Some things aren't worth debating, though -- it doesn't matter to me which
exception we raise.

> I would argue that raising MemoryError in both cases is fine:

Fine by me too.

> after all, "123"*9999999999999999 could be perfectly fine in another
> Python implementation with lazy strings.  It is thus only a
> memory limit that makes this fail in the current implementation.
>
> Note that if we define MAX_SIZE to ((size_t)-1), the overflow check in
> the present stringobject.c could be more efficiently written down as:

(size_t)~0UL is safer, although there's really no wholly safe way to spell
the intent in C89.

>         if (size > (MAX_SIZE - sizeof(PyStringObject)) / sizeof(char))
>                 <OverflowError>
>
> where everything at the right of '>' reduces to a compile-time
> constant.  The Py_MUL_ADD macro can be implemented with this idea in
> mind, which works best if the 2nd and 3rd arguments are constants.

>> note that anything/non_constant can be incredibly expensive!

> Yes.  Couldn't a better overflow-checking algorithm be designed for
> these cases?  For example, to multiply the non-constants 'a' and 'b', we
> can be sure that there is no overflow if both 'a' and 'b' are small
> enough (which is the common case anyway).  I believe I can even think
> about a single Py_MUL_ADD macro that is as efficient as above with
> constant arguments, and otherwise uses this trick.

And more tests, and more branches.  Life will be much easier if we can limit
it to size_t thingies (which have the same size, and are unsigned0.

> About using 64-bit computations everywhere (as suggested by Christian):
> if the length of objects (e.g. lists) is still constrained to 31 bits,
> then it's fine; otherwise, the problem is the same.  Do all supported
> 64-bit platforms have a 32-bit 'int', and thus a 31-bit limit on object
> lengths?

No.  For example, some now-rare models of Cray boxes have no 32-bit types.
If 64-bit machines really are the wave of the future (I started using them
in the late 1970's, and am still waiting for the revolution <0.9 wink>),
it's no cure anyway, as Python in a truly 64-bit world will have to lose its
2GB-bounded of the world (as it's already painfully doing for files, and
maybe for mmaps).  Then the "detect overflow" problem returns with a
vengeance.

> By the way, this makes me think of a good efficient overflow-detection
> method for platforms with a "long long" type longer than size_t:
>
>   unsigned long long bytes = ((unsigned long long)a)*((unsigned long
> long)b)+c;
>   if (bytes > ((size_t)-1))
>     <overflow>;

This also implicitly assumes that:

1. size_t is no wider than an int; that's the kind of thing the
   "(size_t)~0UL would be safer" comment above was getting at.

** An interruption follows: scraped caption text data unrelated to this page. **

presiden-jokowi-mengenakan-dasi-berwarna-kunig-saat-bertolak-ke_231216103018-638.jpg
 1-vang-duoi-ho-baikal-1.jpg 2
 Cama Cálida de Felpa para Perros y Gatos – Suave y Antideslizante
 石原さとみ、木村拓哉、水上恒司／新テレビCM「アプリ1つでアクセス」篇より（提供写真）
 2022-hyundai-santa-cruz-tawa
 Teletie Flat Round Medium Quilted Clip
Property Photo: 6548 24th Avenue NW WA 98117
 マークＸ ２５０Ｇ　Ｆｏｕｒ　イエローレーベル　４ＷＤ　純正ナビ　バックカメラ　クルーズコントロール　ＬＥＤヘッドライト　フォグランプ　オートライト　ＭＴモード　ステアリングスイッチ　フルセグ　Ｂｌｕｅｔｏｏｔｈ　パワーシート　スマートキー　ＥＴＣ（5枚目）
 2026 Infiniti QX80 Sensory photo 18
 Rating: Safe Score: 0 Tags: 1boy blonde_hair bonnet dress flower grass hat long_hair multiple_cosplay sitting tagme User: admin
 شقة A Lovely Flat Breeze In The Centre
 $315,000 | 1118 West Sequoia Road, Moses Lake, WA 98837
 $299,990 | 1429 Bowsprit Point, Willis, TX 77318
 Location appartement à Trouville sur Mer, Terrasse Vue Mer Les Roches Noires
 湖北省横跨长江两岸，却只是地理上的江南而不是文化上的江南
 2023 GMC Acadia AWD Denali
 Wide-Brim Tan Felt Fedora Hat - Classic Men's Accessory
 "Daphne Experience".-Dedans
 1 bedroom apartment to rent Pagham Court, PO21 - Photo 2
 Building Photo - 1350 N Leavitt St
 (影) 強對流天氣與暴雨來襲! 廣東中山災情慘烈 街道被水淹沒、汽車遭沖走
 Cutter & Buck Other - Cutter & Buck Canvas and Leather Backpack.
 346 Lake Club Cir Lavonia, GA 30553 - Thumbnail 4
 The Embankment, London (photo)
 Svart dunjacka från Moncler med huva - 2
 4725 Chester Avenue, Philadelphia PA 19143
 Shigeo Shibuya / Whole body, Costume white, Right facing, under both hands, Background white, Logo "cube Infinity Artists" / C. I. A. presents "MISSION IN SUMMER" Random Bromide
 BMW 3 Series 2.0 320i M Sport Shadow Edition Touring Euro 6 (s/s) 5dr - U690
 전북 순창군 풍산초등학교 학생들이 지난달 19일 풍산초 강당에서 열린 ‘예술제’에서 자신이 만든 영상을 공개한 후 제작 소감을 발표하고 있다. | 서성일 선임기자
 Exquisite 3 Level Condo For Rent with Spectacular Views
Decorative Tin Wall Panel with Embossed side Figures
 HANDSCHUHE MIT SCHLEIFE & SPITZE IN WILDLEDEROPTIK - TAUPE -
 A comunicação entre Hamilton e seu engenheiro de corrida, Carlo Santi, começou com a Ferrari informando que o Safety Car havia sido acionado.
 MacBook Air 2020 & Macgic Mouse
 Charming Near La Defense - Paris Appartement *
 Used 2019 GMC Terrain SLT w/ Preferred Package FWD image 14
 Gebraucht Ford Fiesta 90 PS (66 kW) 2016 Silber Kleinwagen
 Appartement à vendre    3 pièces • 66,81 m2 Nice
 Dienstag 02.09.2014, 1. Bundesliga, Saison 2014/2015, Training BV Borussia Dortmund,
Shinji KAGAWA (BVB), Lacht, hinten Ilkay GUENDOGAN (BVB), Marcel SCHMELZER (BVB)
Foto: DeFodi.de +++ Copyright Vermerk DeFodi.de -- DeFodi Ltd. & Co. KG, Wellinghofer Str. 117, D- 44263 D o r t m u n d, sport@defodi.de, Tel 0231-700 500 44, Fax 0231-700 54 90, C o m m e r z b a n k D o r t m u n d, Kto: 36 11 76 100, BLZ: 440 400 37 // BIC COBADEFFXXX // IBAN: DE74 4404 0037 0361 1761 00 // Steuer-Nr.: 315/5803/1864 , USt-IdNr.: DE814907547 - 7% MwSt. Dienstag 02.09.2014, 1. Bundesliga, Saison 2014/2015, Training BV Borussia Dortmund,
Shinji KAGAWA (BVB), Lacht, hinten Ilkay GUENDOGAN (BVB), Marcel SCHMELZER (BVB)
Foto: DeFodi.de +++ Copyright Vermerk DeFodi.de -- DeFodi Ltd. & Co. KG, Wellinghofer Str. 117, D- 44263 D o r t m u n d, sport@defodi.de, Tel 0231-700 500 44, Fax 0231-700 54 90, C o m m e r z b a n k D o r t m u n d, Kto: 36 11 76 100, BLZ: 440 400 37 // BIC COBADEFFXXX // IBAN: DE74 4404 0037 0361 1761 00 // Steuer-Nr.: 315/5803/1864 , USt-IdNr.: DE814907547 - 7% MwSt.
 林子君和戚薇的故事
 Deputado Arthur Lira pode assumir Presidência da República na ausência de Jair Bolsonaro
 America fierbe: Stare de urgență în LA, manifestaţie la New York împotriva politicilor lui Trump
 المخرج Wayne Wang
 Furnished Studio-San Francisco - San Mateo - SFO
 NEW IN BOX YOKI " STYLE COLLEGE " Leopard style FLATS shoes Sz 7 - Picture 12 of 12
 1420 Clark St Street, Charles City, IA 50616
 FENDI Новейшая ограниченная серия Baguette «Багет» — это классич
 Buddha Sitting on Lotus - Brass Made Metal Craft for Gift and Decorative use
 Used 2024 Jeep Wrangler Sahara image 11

2. long long is at least twice as wide as size_t.

> This compiles to very good assembly code on x86.
>
> Mmmh, in summary I would recommend that we define a common
> "multiply-and-add" macro, returning a size_t or OVERFLOW_VALUE in case
> of overflow, which is implemented in several different ways on different
> platforms, as selected by #if's.  The same macro is used for just
> "multiply" or just "add" by relying on the compiler's strengh reduction.

What a PITA.  Is it worth it?  If I don't have to do it, maybe <wink>.

BTW, when we allocate an object that participates in cyclic GC, there's Yet
Another little integer that gets added to the total size (to reflect the
"extra header" bytes unique to GC'ed objects), and so there's Yet Another
place potential overflow may go uncaught now.